Bug 55645

Summary: ChunkNotFoundException when trying to getRtfBody
Product: POI Reporter: Paolo <paolo.asioli>
Component: HSMFAssignee: POI Developers List <dev>
Status: RESOLVED LATER    
Severity: normal CC: paolo.asioli
Priority: P2    
Version: 3.9-FINAL   
Target Milestone: ---   
Hardware: Other   
OS: other   
Attachments: Outlook MSG that gives the above error

Description Paolo 2013-10-10 08:00:24 UTC
Created attachment 30916 [details]
Outlook MSG that gives the above error

Hello

I've a message (attached to this bug), saved from Outlook 2010, that gives me ChunkNotFoundException when I try to call 
getRtfBody

Could you please check if there's a bug ? I'm using the latest stable release 3.9 on Android 4.0.1

Thanks a lot !

Paolo
Comment 1 Nick Burch 2013-10-10 16:08:15 UTC
Are you sure your outlook file actually has a RTF part? (Not all of them do)
Comment 2 Paolo 2013-10-10 18:09:49 UTC
(In reply to Nick Burch from comment #1)
> Are you sure your outlook file actually has a RTF part? (Not all of them do)

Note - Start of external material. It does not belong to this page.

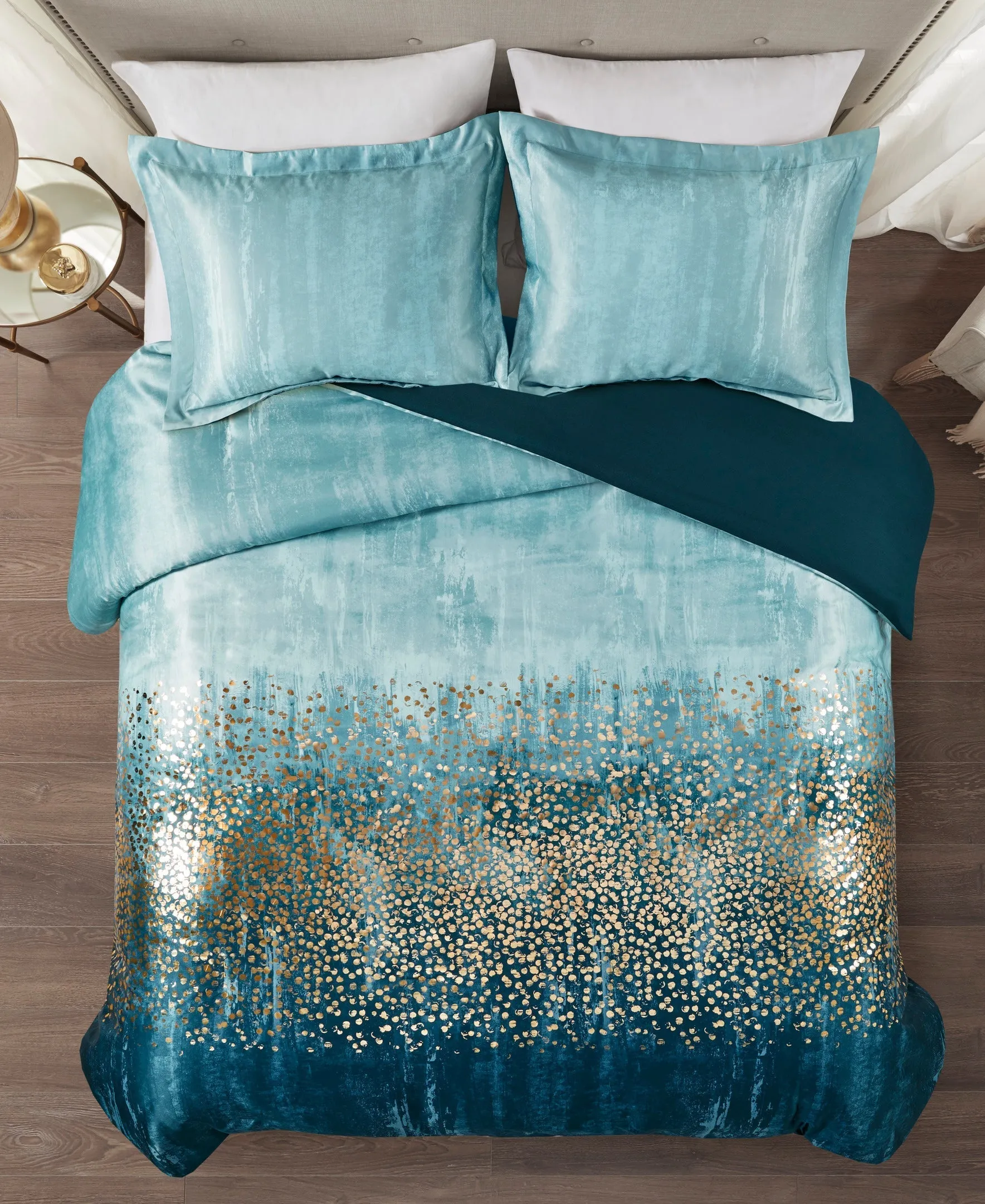 Midnight Sky 3 Piece Metallic Duvet Set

Don't know for sure (don't know how to read a MSG by hand like an EML) but in Outlook it shows some richly formatted text.
Comment 3 Nick Burch 2013-10-10 18:29:57 UTC
Not all richly formatted text in Outlook is done using RTF! Does your message have a HTML chunk instead?

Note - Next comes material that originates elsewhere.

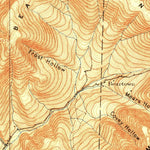 United States Geological Survey Equinox, VT (1896, 62500-Scale) digital map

Take a look at the Tika Outlook parser if you want a detailed example of using HSMF to process msg files:
https://svn.apache.org/repos/asf/tika/trunk/tika-parsers/src/main/java/org/apache/tika/parser/microsoft/OutlookExtractor.java
Comment 4 Paolo 2013-10-10 18:40:55 UTC
(In reply to Nick Burch from comment #3)
> Not all richly formatted text in Outlook is done using RTF! Does your
> message have a HTML chunk instead?
> 
> Take a look at the Tika Outlook parser if you want a detailed example of
> using HSMF to process msg files:
> https://svn.apache.org/repos/asf/tika/trunk/tika-parsers/src/main/java/org/
> apache/tika/parser/microsoft/OutlookExtractor.java

You're right, but I already get text, html and RTF and looks like there was none.

So I thought there may be some kind of bug, since Outlook showed some formatted text.

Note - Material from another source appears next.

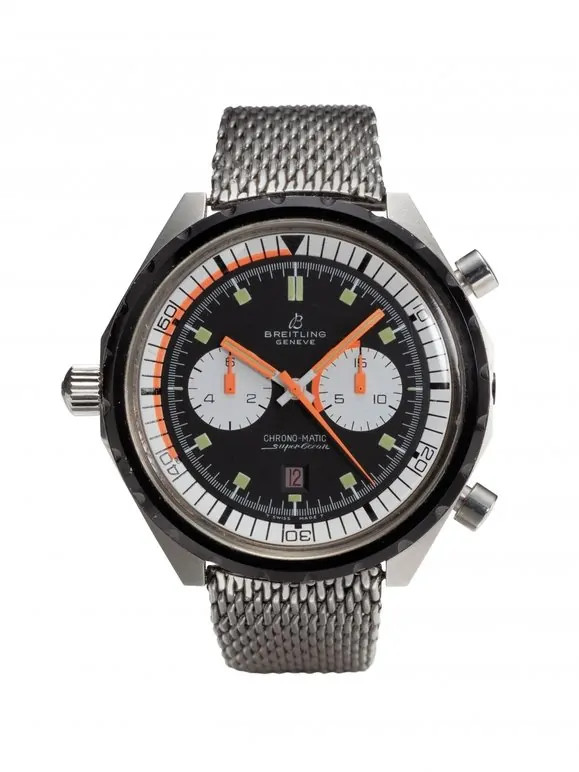 Breitling SuperOcean Chronomatic watch, isolated on white background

Here is and extract of my code:

try {
	this.messaggioHTML = msg.getHtmlBody();
	if (MainActivity.DEBUG) {
		android.util.Log.d(MainActivity.TAG, "HTML Body: "
				+ this.messaggioHTML);
	}
} catch (ChunkNotFoundException e) {
	android.util.Log.e(MainActivity.TAG,
			"HTML Body: not found");
	this.messaggioHTML = "";
}

try {
	this.messaggioTesto = msg.getTextBody();
	if (MainActivity.DEBUG) {
		android.util.Log.d(MainActivity.TAG, "TXT Body: "
				+ this.messaggioTesto);
	}
} catch (ChunkNotFoundException e) {
	android.util.Log.e(MainActivity.TAG,
			"TXT  Body: not found");
	this.messaggioTesto = "";
}

try {
	String messaggioRtf = msg.getRtfBody();

	if (MainActivity.DEBUG) {
		android.util.Log.d(MainActivity.TAG, "RTF Body: "
				+ messaggioRtf);
	}

} catch (ChunkNotFoundException e) {
	android.util.Log.e(MainActivity.TAG,
			"RTF  Body: not found");
} catch (Exception e) {
	// TODO Auto-generated catch block
	e.printStackTrace();
}
Comment 5 Nick Burch 2013-10-10 19:31:56 UTC
Outlook files tend to have one or two out of plain, rtf and html. It's very rare to have all 3. If your file only has rtf, and you really wanted something like html, you'd be best off using Apache Tika as that can convert for you
Comment 6 Paolo 2013-10-10 19:47:33 UTC
(In reply to Nick Burch from comment #5)
> Outlook files tend to have one or two out of plain, rtf and html. It's very
> rare to have all 3. If your file only has rtf, and you really wanted
> something like html, you'd be best off using Apache Tika as that can convert
> for you

Maybe I didn't explain myself correctly. The attached example apparently has 
NO plain text
NO HTML
NO RTF
according to Apache POI.

But since I see text when opening in Outlook, I think there may be a problem.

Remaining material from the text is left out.